Since the term diffeomorphism applies by definition only to smooth manifods, the statement - as stated - makes little sense. Instead one can show the following
Proposition 1. Let $X$ be a topological space and $Q\subseteq X\times X$ the diagonal (endowed with the subspace topology of the product topology). Then the canonical embedding $i\colon x\mapsto (x,x)$ is a homeomorphism $X\to Q$.
Proof.
The map $i$ is the unique continuous map $X\to X\times X$ that the universal property of the direct product guarantees for the identity $X\to X$ on both factors. On the other hand, the restriction to $Q$ of the canonical projection of $X\times X\to X$ (for either factor) is obviously inverse to $i$. $_\square$
In other words, $Q$ has exactly the same topological properties as $X$ has, especially
Corollary. $Q$ is a manifold if and only $X$ is. $_\square$
Proposition 2. Assume $X$ is a smooth manifold. Then the homeomorphism $i$ from proposition 1 is a smooth embedding (and hence $i$ is a diffeomorphism $X\to Q$).
Proof.
Let $n=\dim X$, so $\dim(X\times X)=2n$.
It suffices to show that for each $(x,x)\in Q$ there exists a chart $\phi\colon U\to \mathbb R^{2n}$ in the smooth atlas of $X\times X$ (as obtained for the product space from the given smooth atlas of $X$) such that $(x,x)\in U\subseteq X\times X$ and $\phi(U\cap Q)$ is the intersection of an $n$-dimensional plane with $\phi(U)$.

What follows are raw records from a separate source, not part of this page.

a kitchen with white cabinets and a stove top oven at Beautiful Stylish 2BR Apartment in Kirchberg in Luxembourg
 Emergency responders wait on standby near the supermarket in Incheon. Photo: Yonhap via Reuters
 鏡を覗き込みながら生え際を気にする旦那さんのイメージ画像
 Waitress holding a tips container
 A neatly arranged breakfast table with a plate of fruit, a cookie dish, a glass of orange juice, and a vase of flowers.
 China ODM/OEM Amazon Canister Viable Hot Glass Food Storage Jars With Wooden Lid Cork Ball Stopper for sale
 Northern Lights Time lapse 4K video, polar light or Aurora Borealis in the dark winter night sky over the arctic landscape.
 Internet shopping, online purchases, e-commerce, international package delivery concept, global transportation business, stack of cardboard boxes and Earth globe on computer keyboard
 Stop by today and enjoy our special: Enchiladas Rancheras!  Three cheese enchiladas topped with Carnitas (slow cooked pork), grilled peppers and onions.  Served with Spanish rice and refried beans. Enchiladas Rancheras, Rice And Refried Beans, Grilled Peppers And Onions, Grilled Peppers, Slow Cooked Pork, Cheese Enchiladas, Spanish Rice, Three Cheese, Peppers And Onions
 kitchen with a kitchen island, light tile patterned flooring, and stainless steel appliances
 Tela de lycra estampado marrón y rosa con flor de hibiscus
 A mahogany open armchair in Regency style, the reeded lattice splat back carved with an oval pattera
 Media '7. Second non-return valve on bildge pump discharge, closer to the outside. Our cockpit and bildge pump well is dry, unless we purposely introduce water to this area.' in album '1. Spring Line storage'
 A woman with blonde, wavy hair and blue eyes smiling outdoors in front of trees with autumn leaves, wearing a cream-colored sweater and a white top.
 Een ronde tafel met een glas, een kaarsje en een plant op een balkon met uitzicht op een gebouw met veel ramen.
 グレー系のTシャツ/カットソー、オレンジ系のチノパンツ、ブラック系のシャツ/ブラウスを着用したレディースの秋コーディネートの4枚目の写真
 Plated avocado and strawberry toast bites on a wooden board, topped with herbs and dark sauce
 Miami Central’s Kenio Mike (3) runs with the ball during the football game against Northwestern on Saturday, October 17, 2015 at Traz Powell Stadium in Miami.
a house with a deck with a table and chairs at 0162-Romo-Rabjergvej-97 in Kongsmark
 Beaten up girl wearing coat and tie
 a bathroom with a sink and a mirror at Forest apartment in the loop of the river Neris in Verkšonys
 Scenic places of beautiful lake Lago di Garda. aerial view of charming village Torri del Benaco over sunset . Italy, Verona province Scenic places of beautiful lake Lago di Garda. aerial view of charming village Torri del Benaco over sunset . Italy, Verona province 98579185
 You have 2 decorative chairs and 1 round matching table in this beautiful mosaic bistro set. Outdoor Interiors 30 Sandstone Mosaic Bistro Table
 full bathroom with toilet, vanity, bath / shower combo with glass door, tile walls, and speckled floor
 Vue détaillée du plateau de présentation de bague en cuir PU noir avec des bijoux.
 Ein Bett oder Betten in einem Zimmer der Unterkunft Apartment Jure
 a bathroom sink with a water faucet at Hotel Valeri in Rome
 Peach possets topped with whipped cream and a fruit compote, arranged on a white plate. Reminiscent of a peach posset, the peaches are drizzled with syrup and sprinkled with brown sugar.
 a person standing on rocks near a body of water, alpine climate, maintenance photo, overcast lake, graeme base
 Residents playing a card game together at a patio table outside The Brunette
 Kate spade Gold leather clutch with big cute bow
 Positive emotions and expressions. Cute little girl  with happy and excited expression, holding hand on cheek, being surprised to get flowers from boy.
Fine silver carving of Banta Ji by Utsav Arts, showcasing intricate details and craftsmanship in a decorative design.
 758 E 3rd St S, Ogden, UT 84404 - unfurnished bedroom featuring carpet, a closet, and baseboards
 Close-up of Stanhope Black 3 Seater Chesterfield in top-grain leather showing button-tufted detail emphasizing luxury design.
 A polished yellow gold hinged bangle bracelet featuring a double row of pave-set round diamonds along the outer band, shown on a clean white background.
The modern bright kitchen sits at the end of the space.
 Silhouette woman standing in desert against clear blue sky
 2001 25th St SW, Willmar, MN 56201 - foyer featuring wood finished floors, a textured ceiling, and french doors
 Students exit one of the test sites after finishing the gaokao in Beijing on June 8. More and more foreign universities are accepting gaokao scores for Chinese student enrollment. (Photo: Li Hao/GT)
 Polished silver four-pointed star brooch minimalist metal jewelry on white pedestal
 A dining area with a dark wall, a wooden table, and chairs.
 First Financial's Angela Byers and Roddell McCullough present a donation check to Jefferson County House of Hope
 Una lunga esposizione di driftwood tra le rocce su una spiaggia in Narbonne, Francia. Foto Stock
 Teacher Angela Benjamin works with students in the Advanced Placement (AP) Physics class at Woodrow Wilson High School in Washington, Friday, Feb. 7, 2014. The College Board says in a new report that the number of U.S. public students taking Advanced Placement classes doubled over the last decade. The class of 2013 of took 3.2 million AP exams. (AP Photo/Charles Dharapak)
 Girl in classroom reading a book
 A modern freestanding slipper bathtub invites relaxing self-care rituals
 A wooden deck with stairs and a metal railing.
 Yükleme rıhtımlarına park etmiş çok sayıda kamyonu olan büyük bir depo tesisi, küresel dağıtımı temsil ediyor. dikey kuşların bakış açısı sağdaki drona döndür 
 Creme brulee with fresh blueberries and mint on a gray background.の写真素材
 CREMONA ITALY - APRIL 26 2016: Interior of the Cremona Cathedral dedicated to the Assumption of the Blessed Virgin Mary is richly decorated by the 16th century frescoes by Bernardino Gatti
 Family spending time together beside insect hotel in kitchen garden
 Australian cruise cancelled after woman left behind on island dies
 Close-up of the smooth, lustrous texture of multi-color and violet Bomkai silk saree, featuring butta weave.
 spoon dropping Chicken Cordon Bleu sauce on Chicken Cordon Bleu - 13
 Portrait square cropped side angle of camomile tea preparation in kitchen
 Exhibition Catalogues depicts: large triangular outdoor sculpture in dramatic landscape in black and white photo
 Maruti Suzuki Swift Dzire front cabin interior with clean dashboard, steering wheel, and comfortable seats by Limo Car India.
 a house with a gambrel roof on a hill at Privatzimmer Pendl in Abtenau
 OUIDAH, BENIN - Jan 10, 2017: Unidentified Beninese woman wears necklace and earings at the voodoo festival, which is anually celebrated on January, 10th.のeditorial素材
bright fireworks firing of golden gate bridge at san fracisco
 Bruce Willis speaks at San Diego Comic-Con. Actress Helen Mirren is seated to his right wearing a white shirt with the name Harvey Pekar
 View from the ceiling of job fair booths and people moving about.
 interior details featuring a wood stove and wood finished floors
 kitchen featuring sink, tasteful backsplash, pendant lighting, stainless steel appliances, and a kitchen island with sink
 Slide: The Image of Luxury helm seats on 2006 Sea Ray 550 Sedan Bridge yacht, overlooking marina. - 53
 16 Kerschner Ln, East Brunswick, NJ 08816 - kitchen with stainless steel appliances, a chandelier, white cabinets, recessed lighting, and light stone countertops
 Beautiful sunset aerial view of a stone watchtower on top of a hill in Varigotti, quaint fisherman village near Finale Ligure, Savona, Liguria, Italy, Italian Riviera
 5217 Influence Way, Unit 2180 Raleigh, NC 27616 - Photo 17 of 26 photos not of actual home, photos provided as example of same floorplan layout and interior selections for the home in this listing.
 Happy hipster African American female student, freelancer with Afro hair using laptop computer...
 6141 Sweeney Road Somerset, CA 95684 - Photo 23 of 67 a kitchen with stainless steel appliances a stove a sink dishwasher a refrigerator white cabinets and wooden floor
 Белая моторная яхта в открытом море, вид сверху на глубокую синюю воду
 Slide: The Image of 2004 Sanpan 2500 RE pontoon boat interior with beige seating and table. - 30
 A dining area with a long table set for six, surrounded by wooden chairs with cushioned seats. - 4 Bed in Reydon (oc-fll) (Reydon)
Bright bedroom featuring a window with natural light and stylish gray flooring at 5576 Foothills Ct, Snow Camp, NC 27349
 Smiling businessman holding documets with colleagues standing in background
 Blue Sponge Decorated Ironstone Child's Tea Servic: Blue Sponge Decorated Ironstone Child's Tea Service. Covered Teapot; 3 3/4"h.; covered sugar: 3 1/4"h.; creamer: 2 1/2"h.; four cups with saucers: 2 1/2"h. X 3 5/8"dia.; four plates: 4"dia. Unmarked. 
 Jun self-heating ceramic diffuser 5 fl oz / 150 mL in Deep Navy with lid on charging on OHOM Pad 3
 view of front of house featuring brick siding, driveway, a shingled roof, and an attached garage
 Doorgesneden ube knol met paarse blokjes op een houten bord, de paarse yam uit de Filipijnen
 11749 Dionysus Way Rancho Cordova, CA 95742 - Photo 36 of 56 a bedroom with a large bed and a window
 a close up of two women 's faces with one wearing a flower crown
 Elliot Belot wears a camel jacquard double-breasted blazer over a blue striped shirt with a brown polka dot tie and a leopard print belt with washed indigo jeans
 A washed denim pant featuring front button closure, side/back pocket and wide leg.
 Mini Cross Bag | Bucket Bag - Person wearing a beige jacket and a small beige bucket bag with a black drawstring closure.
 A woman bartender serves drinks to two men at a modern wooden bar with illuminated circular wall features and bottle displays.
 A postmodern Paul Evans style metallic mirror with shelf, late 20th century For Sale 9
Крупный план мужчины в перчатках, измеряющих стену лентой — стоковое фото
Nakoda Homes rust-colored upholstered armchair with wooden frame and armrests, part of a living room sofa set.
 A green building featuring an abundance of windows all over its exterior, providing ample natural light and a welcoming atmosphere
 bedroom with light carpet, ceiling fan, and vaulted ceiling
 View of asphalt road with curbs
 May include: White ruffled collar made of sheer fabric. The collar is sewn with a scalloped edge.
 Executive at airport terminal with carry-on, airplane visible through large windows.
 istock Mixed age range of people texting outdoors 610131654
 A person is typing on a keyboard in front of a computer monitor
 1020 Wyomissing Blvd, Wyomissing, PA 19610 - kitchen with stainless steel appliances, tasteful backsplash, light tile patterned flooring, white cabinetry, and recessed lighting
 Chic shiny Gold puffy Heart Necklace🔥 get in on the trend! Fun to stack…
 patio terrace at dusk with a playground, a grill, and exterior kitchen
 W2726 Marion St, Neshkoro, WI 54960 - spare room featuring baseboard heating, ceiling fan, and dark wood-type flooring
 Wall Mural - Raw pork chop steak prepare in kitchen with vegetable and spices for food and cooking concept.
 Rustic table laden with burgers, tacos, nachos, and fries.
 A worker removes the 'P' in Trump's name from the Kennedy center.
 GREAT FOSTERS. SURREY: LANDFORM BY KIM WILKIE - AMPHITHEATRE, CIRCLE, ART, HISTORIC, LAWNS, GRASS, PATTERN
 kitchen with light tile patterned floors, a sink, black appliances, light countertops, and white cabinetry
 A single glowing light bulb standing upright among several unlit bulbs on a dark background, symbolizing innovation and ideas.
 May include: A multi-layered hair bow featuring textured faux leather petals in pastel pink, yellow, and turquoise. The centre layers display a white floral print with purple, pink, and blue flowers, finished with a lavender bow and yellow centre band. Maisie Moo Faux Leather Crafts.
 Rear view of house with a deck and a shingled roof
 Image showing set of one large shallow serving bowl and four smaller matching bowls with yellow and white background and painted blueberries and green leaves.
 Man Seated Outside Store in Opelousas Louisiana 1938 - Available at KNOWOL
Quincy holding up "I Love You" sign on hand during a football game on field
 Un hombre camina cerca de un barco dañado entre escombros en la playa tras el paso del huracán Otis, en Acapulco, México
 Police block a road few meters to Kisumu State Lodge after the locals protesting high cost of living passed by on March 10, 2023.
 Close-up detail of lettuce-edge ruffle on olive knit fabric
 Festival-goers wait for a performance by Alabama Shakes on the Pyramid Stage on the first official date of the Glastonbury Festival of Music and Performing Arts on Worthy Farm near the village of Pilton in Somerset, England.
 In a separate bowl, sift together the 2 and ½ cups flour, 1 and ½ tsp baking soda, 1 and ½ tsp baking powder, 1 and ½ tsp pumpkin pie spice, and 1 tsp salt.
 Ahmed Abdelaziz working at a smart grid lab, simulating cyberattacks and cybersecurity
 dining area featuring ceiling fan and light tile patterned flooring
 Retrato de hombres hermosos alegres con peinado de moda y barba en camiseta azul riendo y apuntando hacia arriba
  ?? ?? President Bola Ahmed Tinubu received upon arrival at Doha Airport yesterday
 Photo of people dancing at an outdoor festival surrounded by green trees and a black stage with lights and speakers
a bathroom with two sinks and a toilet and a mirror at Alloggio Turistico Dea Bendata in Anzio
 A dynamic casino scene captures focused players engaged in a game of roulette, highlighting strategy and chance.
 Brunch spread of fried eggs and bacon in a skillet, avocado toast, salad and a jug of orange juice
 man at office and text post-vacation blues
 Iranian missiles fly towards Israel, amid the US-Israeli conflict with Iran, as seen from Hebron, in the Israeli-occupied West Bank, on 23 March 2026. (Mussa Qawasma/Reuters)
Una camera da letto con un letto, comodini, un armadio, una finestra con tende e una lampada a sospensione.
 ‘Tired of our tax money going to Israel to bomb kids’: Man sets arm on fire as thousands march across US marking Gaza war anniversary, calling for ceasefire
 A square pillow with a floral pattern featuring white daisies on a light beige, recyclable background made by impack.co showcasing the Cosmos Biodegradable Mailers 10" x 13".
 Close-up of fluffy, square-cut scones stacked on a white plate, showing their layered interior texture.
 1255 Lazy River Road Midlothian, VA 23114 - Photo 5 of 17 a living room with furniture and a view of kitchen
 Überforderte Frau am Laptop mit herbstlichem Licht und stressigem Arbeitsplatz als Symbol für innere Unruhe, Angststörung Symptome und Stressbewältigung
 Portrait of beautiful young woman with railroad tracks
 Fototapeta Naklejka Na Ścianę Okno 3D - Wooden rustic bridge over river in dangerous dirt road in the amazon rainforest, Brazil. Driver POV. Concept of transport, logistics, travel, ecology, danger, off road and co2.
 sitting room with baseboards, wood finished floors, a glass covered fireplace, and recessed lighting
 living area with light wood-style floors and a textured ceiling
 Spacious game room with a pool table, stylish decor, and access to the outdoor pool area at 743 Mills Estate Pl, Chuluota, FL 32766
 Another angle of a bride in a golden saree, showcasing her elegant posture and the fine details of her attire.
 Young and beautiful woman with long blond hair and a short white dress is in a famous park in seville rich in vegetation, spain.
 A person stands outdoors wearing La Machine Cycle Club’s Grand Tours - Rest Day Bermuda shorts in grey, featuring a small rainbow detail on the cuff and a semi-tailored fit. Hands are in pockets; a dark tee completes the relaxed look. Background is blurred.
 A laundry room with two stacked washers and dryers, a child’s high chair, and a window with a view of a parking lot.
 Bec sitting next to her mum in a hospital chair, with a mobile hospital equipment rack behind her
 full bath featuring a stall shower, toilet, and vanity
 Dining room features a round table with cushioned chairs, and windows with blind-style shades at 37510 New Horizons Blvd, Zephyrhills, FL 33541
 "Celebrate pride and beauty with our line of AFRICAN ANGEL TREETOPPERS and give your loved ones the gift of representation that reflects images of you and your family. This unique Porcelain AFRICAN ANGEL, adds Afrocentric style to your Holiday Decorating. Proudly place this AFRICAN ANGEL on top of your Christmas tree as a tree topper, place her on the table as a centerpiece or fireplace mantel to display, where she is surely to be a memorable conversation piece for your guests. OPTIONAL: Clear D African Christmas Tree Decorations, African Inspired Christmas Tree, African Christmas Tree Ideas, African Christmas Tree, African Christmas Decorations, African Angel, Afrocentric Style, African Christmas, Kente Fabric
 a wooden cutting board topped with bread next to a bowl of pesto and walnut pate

To do so, pick a chart $\psi\colon V\to \mathbb R^n$ from the smooth atlas of $X$ for which $x\in V$. Then $U:=V\times V$ is open in $X\times X$ and by the definition of smooth structure on $X\times X$, the map $\phi:=\psi\times \psi\colon U\to \mathbb R^{2n}=\mathbb R^n\times \mathbb R^n$, $(\xi,\eta)\mapsto (\psi(\xi),\psi(\eta))$ belongs to the smooth atlas of $X\times X$. As $\phi(U\cap Q)$ is the diagonal plane $\mathbb R^n\times \mathbb R^n$, the claim follows. $_\square$